Requirement: Exactly reproduce the entries, dropping any pictures from your copy.

Data provided:
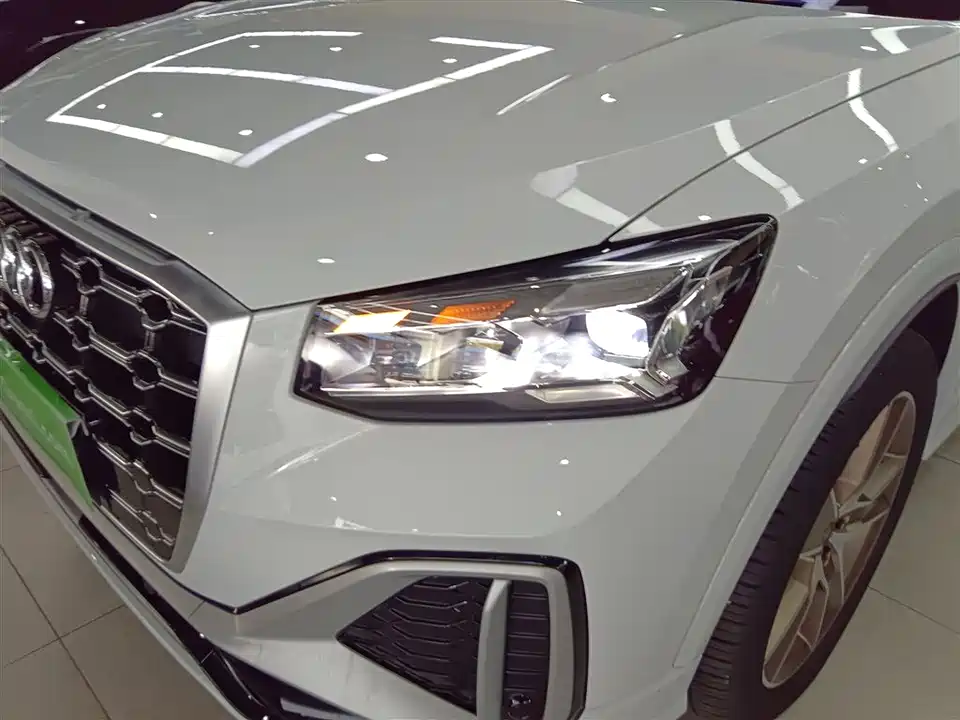 Audi Q2L Audi Q2L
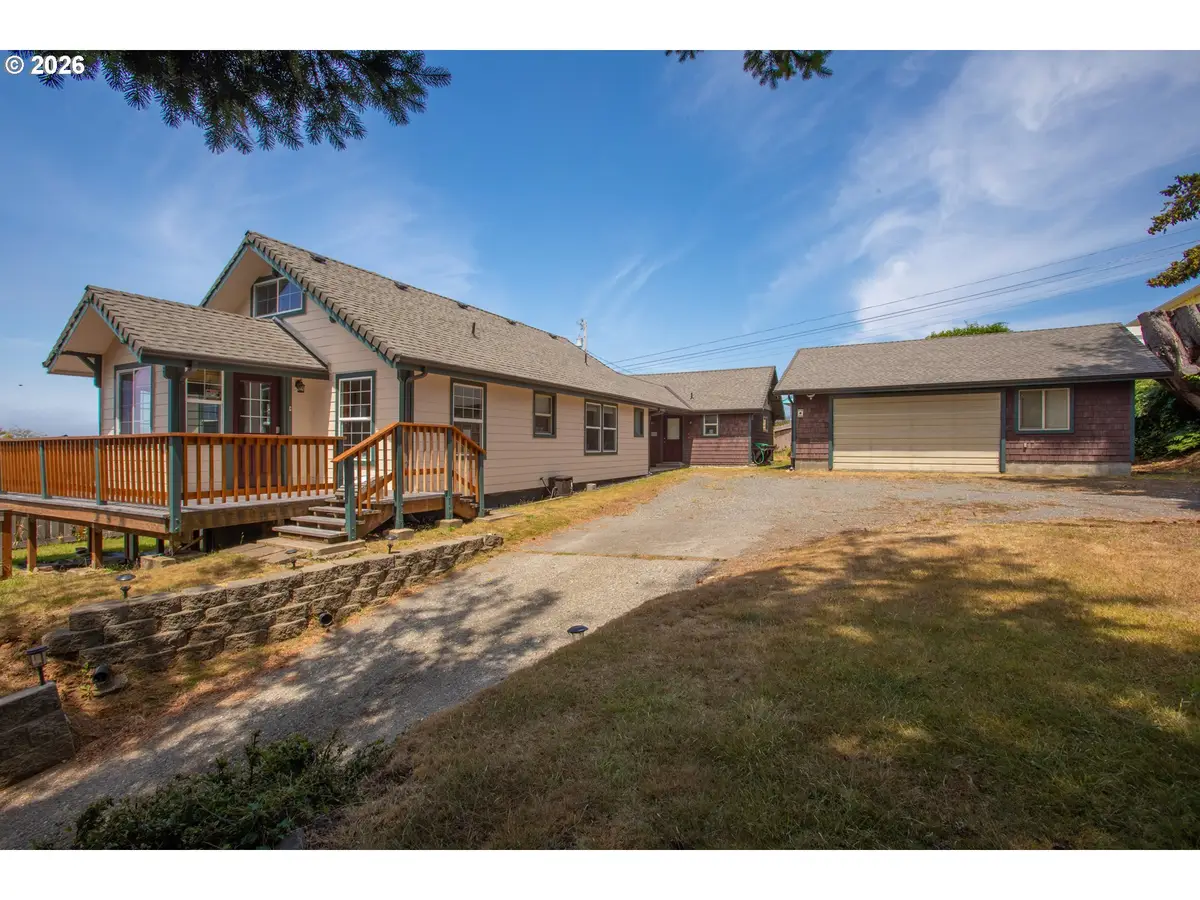 94255 3rd St, Gold Beach, OR 97444 - #1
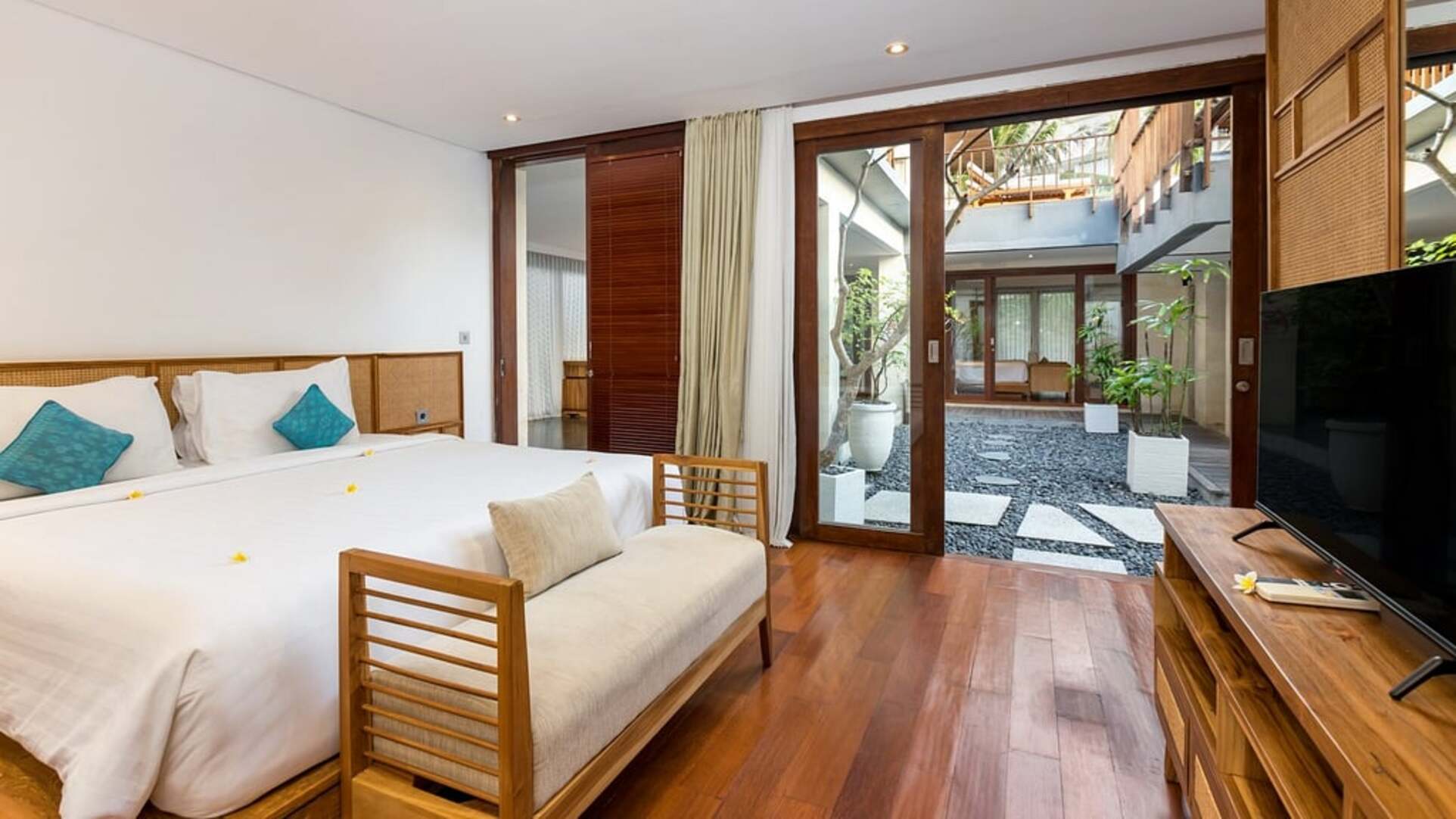 5 Star The Chand’s Estate – Exclusive Beachfront Collection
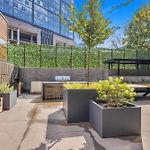 Pie Town Emporium- Walk To Broadway, Enjoy Views, Pool, Gym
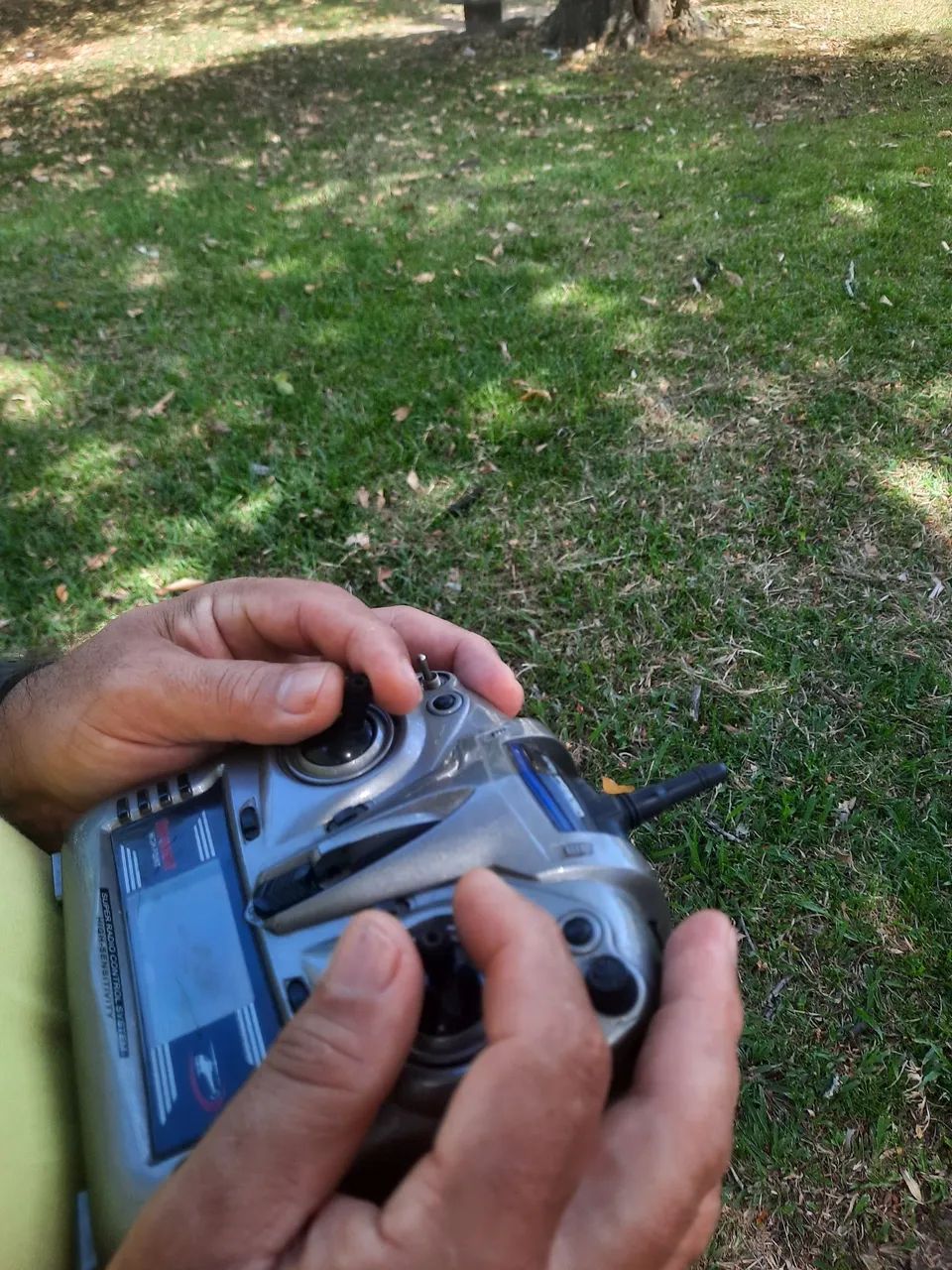 Remote control helicopter flying64318619276929122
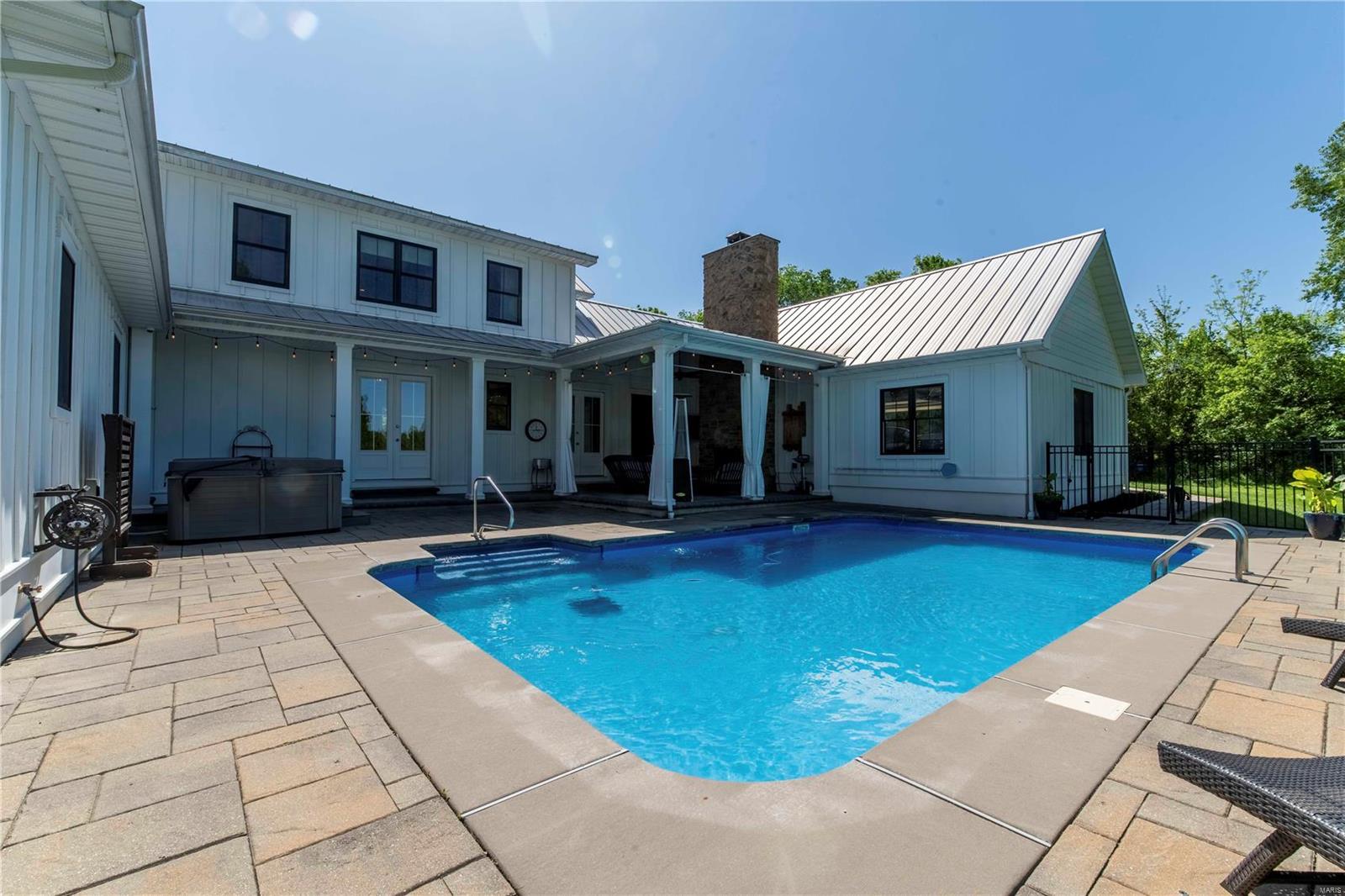 Saddlewoods At Beckers Crossing - Residential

Result:
 Audi Q2L Audi Q2L
 94255 3rd St, Gold Beach, OR 97444 - #1
 5 Star The Chand’s Estate – Exclusive Beachfront Collection
 Pie Town Emporium- Walk To Broadway, Enjoy Views, Pool, Gym
 Remote control helicopter flying64318619276929122
 Saddlewoods At Beckers Crossing - Residential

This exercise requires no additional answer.